Tidak hanya tersedia berbagai koleksi komik favoritnya. Di cafe itu juga menyediakan berbagai makanan ringan dan minuman kopi. Memang cafenya antik. Ah, akhirnya tiba juga! Dia sudah berdiri di bawah papan kayu tulisan Conan dengan lekukan gagang besi hitam. Yah, hari ini menyenangkan dan tidak sabar dengan segelas es kopi Espresso dan Siomay menanti. Tidak hanya itu saja setiap bertemu dengan Pak Antonius, sang pemilik cafe itu. Tubuhnya yang jangkung dengan kumisnya melintang. Dia ramah dan sopan setiap bersama dengannya. Namun yang ia tak sadari ada bayangan tubuh perempuan mengikutinya dari belakang. Membuat masa depannya berubah.
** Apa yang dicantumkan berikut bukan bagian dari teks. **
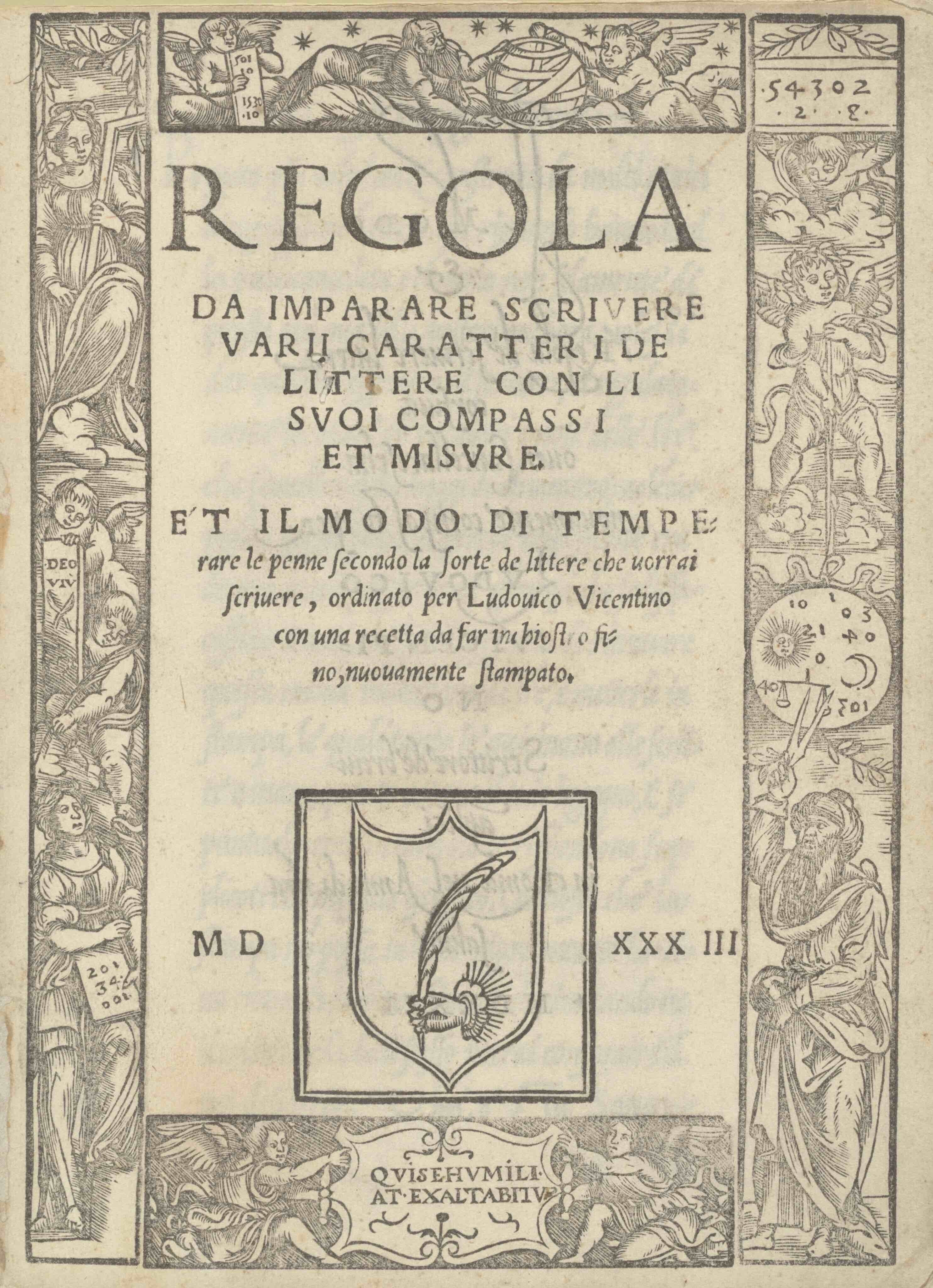 Title page from Regola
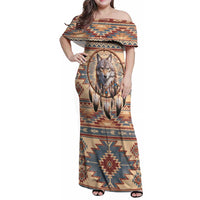 Indigenous Peoples Day Family Matching Off Shoulder Maxi Dress and Hawaiian Shirt Native American Dream Catcher Wolf Tribal-inspired - Wonder Print Shop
"Hai, Apa kabar?" Nada bicaranya lembut. Sapanya saat Richard mencari buku komik. Senyumnya bahkan  menggetarkan hati Richard. Pandangan mata yang teduh temani sambil memilih buku komik. Tak disangka kalau ia bisa bertemu malaikat secantik ini. Aduh, apakah imajinasi Richard berlebihan? Wajahnya memerah sambil menunduk malu. Untunglah kacamata itu menutupi sebagian wajahnya dari Nabila. Ada getaran berbeda yang dirasakan saat bersama Nabila. Keenan dan kroni-kroninya terus menyuruh Richard melakukan apa saja. Namun selama mengingat kebersamaan bersama gadis itu. Dengan kedua bola mata ramah dan meneduhkan setiap gelisah yang ia rasakan di sekolah. Akhirnya Richard memiliki keberanian lagi. Setelah waktu yang sangat lama.
Maka mereka berdua sering bertemu. Setiap sepulang sekolah ada yang Richard ceritakan kepada Nabila tentang komik. "Detektif Conan itu berbeda. Karena ia  meminum obat dipaksa oleh komunitas berbaju hitam. Maka tubuhnya mengecil dari cowok SMA berubah menjadi anak SD. Namun kepintarannya tidak ada yang berubah. Dia selalu bisa memecahkan setiap kasus pembunuhan. Dengan analisisnya yang tepat. Meski bersembunyi di balik tubuh Detektif Kogoro Mouri." Nabila simak mendengarkan apa yang di katakan oleh Richard. Senyumnya tersimpul sederhana.
 "Bahkan yang kudengar dari Pak Antonius, penggemar berat serial detektif Conan. Meski sudah sering pergi ke Jepang rasanya belum puas dengan komik-komik yang telah di baca selama ini." Ucapnya lagi. Tanpa Richard sadari ada yang memperhatikan dengan bingung. Pak Antonius berharap bisa saja cowok itu kelelahan karena beban sekolah zaman kini.